**Assignment:** Take the line containing "Nuôi tôm, nuôi" and each line after it through the end of the data below, and return them exactly, minus any pictures.

**Information shown:**
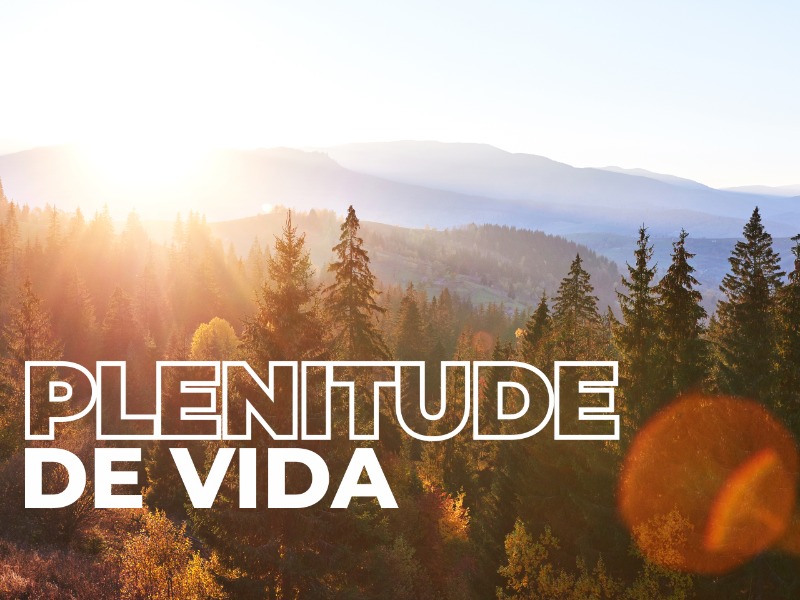 Plenitude de vida
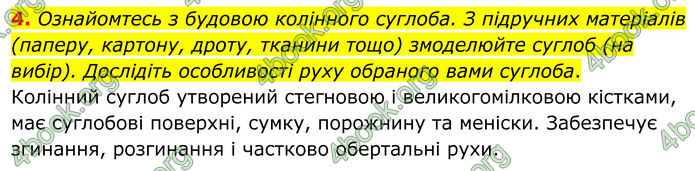 ГДЗ Зошит Біологія 8 клас Кулініч (2025)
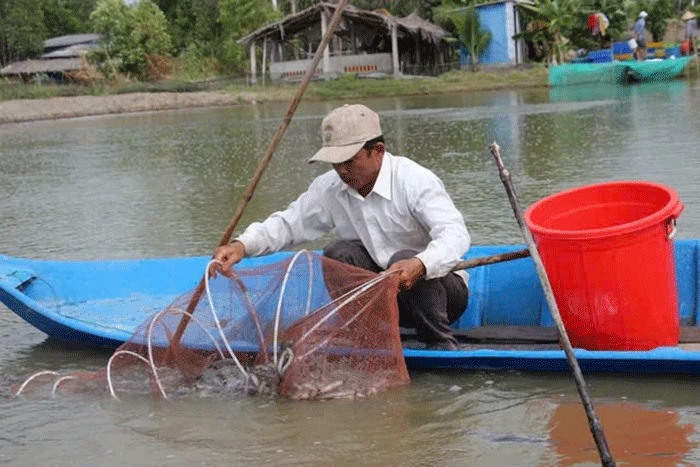 Nuôi tôm, nuôi cá ở Cà Mau năm nay dân trúng lớn, sản lượng tốt lên, giá bán còn tốt hơn, Tết sung túc - Ảnh 1.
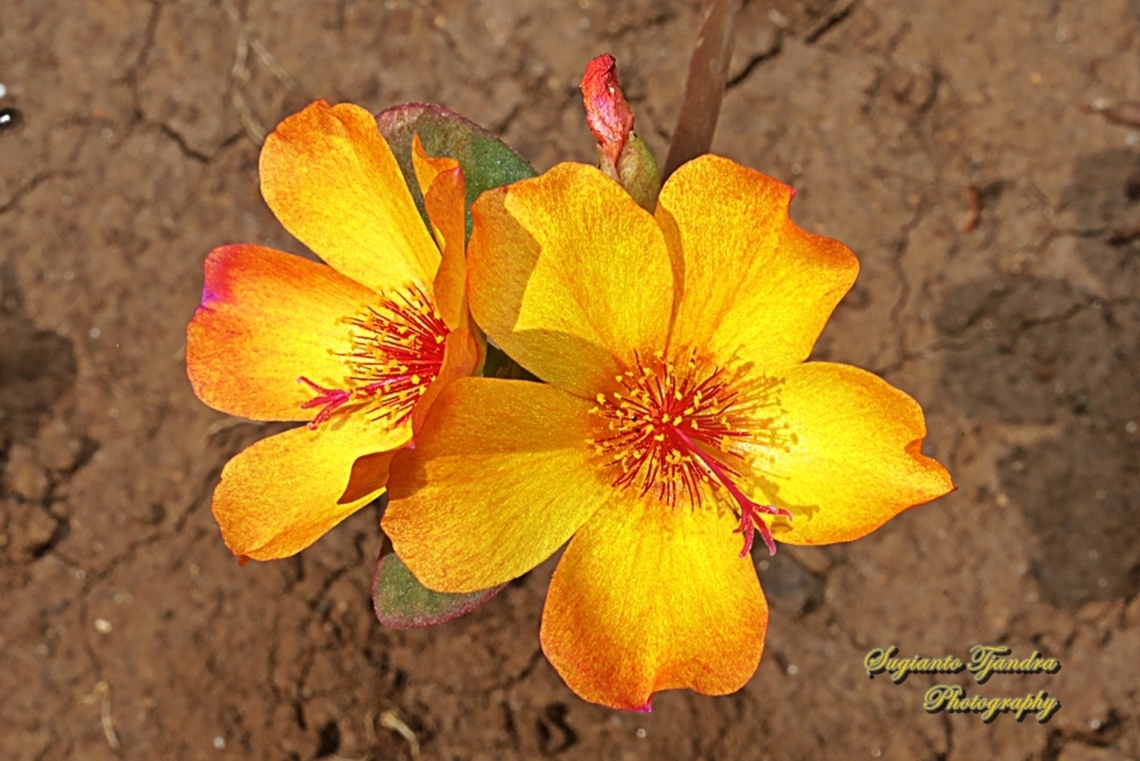 Krokot Mawar (Moss Rose), Portulaca grandiflora  Geotagged,Indonesia,Moss-rose Purslane,Portulaca grandiflora,Spring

**Problem solution:**
 Nuôi tôm, nuôi cá ở Cà Mau năm nay dân trúng lớn, sản lượng tốt lên, giá bán còn tốt hơn, Tết sung túc - Ảnh 1.
 Krokot Mawar (Moss Rose), Portulaca grandiflora  Geotagged,Indonesia,Moss-rose Purslane,Portulaca grandiflora,Spring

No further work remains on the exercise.